**WORK ORDER**
Restate each of the lines below word for word and drop every picture.

**DATA PROVIDED**
*** Begin section ***
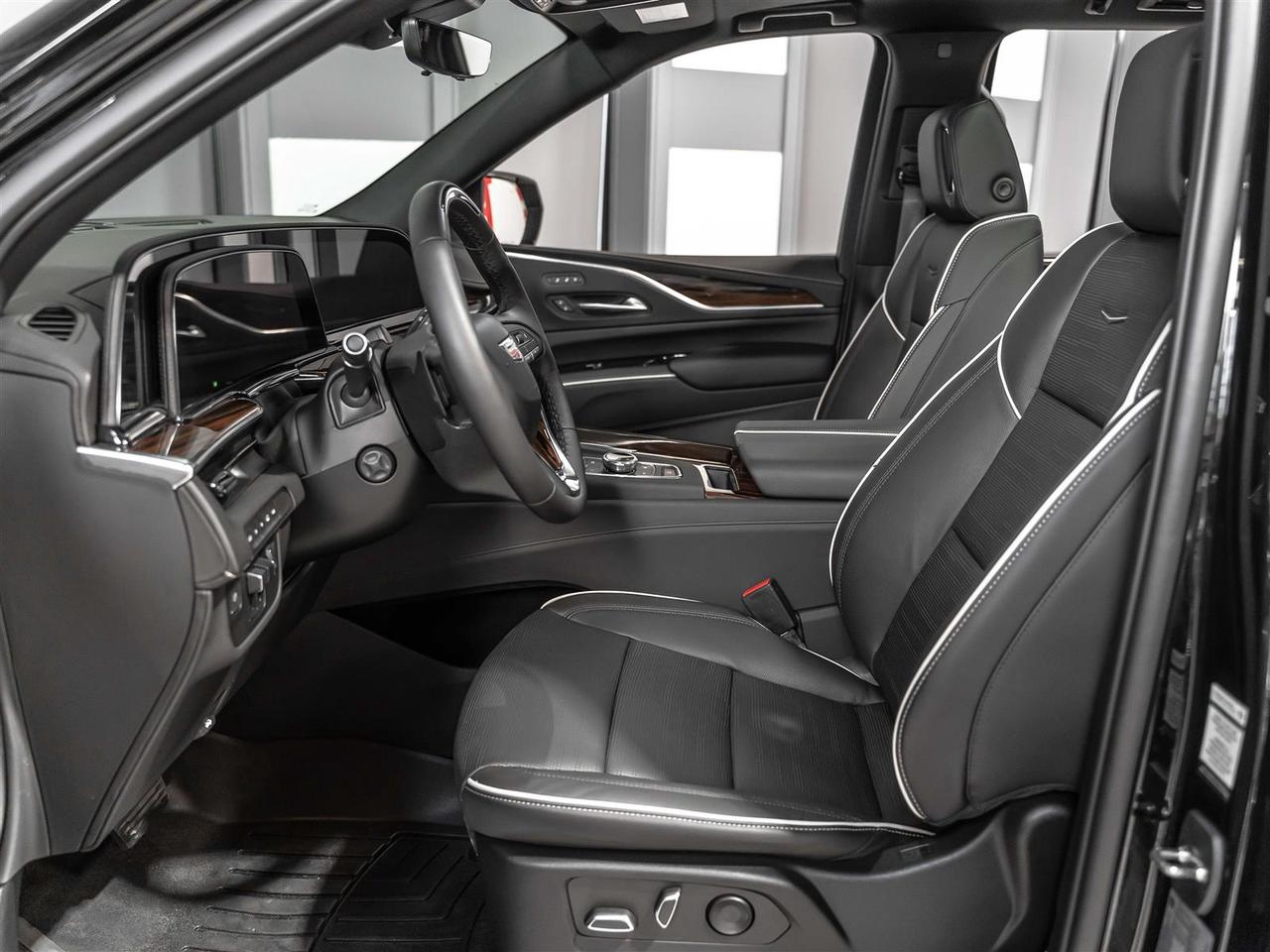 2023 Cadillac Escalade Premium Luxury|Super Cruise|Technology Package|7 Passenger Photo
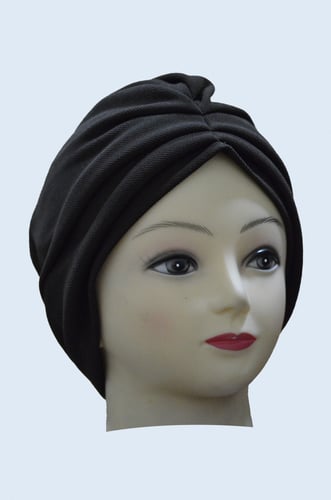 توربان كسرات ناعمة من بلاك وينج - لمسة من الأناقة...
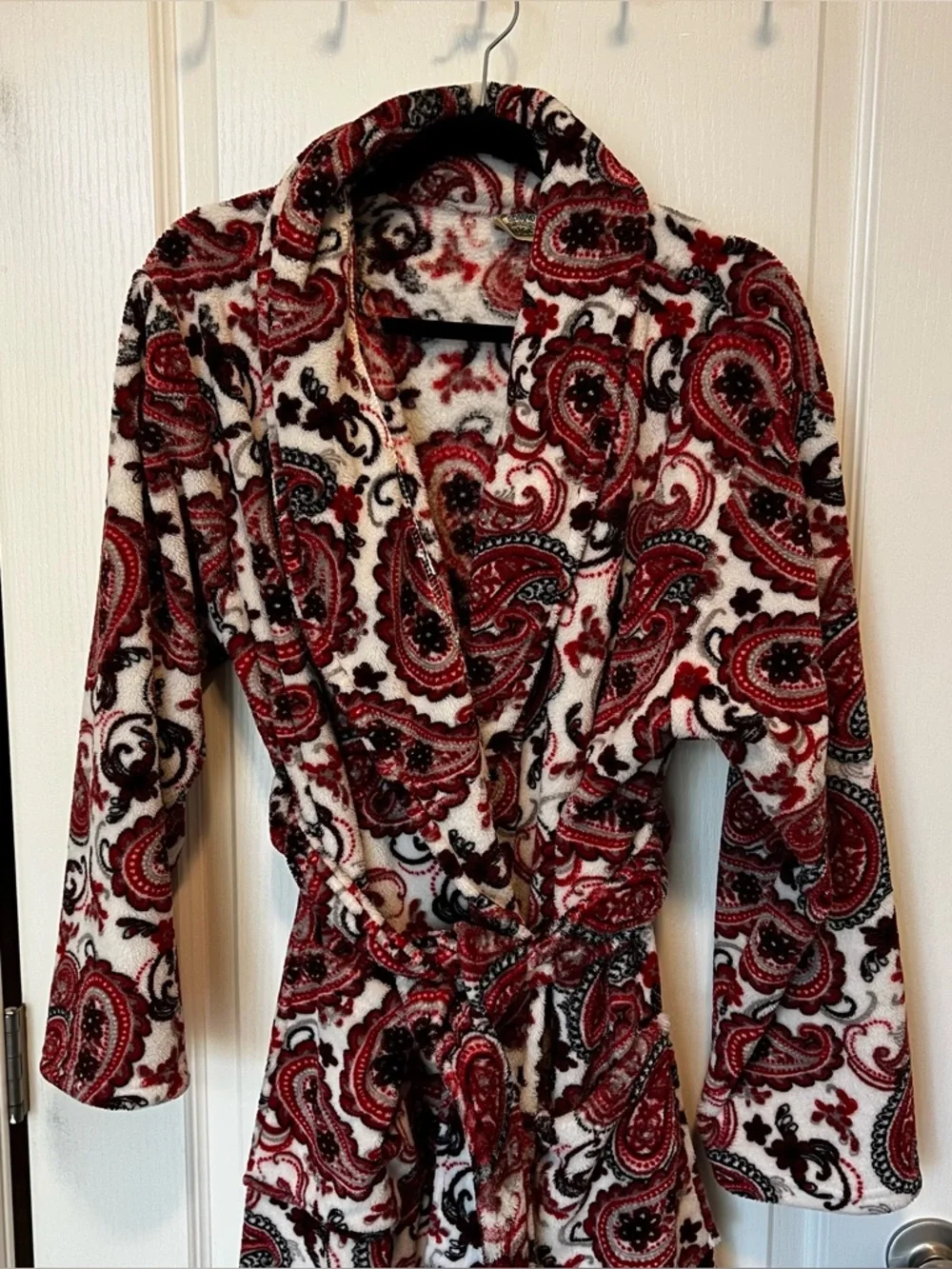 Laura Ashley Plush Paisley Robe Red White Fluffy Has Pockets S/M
*** End section ***
**RESPONSE AREA**
 2023 Cadillac Escalade Premium Luxury|Super Cruise|Technology Package|7 Passenger Photo
 توربان كسرات ناعمة من بلاك وينج - لمسة من الأناقة...
 Laura Ashley Plush Paisley Robe Red White Fluffy Has Pockets S/M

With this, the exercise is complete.